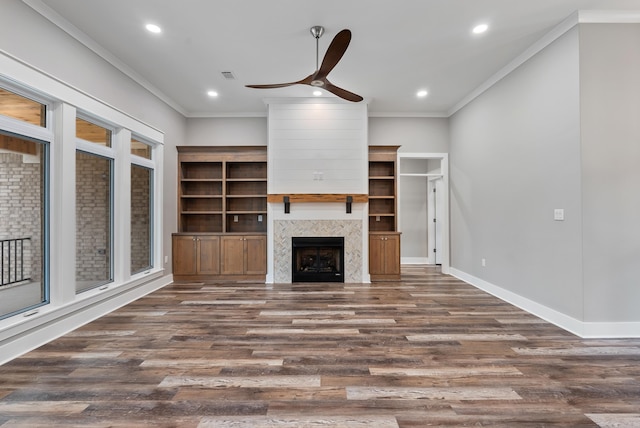 unfurnished living room featuring dark hardwood / wood-style flooring, ornamental molding, and ceiling fan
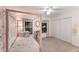 Charming bedroom with a four-poster bed, floral wallpaper, and natural light, perfect for a  at 4410 67Th Avenue E Cir, Sarasota, FL 34243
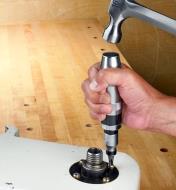 Using the impact driver to loosen a screw on a lathe tailstock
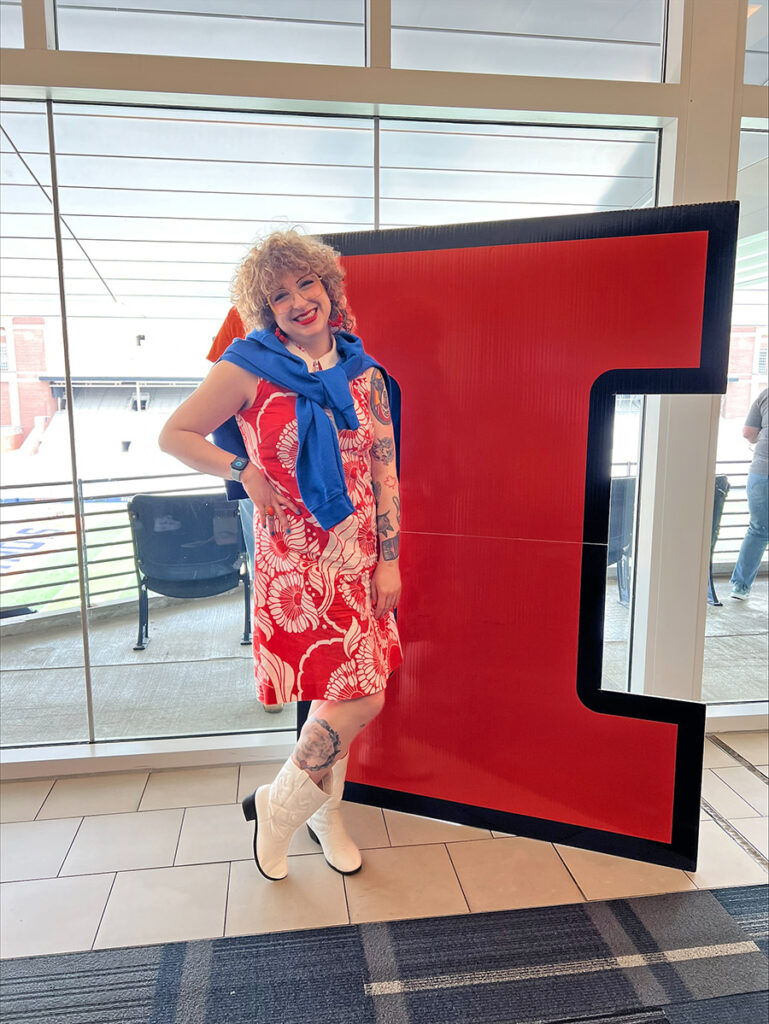 Kristine Witte posing in front of the "Block I," the current logo for the University of Illinois Urbana-Champaign.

**YOUR OBJECTIVE:**
Without including any pictures, print all of the material exactly as given.

**THE ANSWER:**
 unfurnished living room featuring dark hardwood / wood-style flooring, ornamental molding, and ceiling fan
 Charming bedroom with a four-poster bed, floral wallpaper, and natural light, perfect for a  at 4410 67Th Avenue E Cir, Sarasota, FL 34243
 Using the impact driver to loosen a screw on a lathe tailstock
 Kristine Witte posing in front of the "Block I," the current logo for the University of Illinois Urbana-Champaign.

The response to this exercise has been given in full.